### Brief
Output the lines of the records from the one containing "Λούρδη Λεόν" through the last, both ends included. Leave pictures out.
(Data shown)
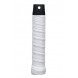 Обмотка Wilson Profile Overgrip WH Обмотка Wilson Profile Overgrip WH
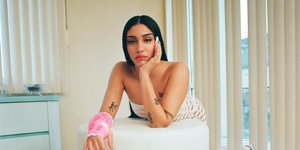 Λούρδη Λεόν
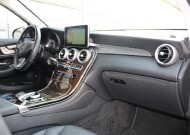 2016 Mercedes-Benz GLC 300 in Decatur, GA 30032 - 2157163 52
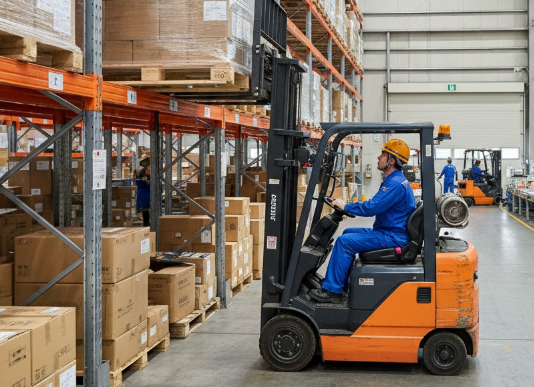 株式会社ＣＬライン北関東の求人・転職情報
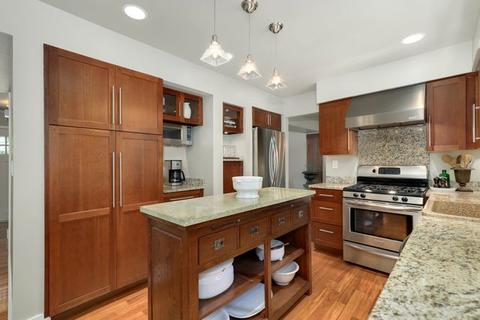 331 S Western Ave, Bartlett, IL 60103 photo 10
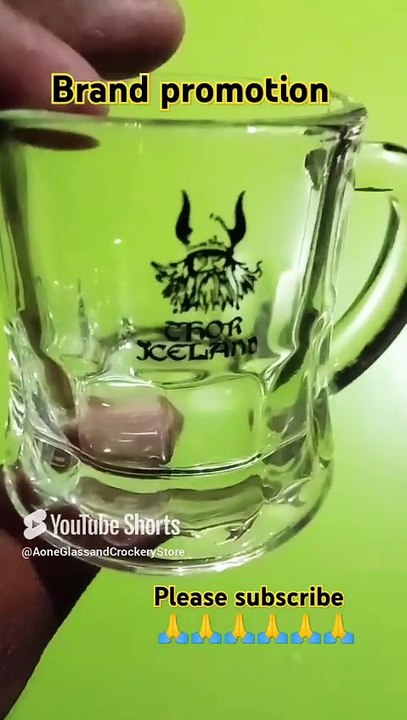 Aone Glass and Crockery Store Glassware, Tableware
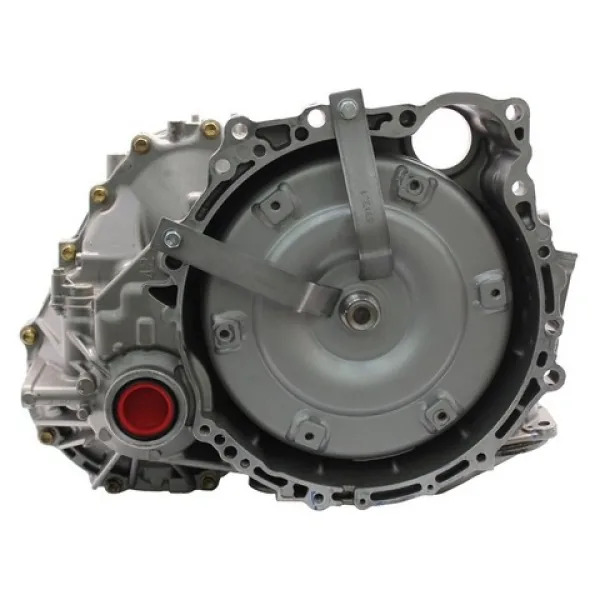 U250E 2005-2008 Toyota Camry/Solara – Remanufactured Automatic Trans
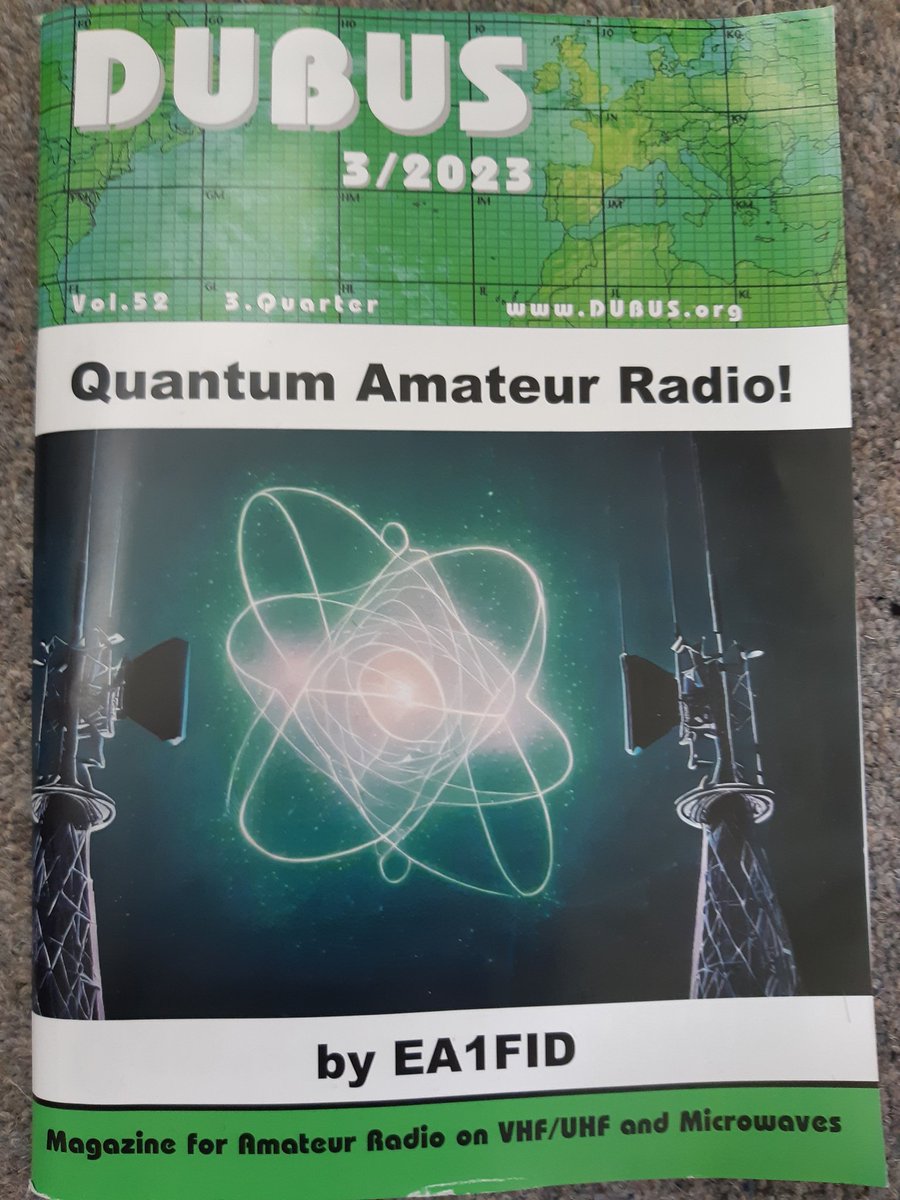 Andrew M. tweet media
(End Data shown)
### Exercise result
 Λούρδη Λεόν
 2016 Mercedes-Benz GLC 300 in Decatur, GA 30032 - 2157163 52
 株式会社ＣＬライン北関東の求人・転職情報
 331 S Western Ave, Bartlett, IL 60103 photo 10
 Aone Glass and Crockery Store Glassware, Tableware
 U250E 2005-2008 Toyota Camry/Solara – Remanufactured Automatic Trans
 Andrew M. tweet media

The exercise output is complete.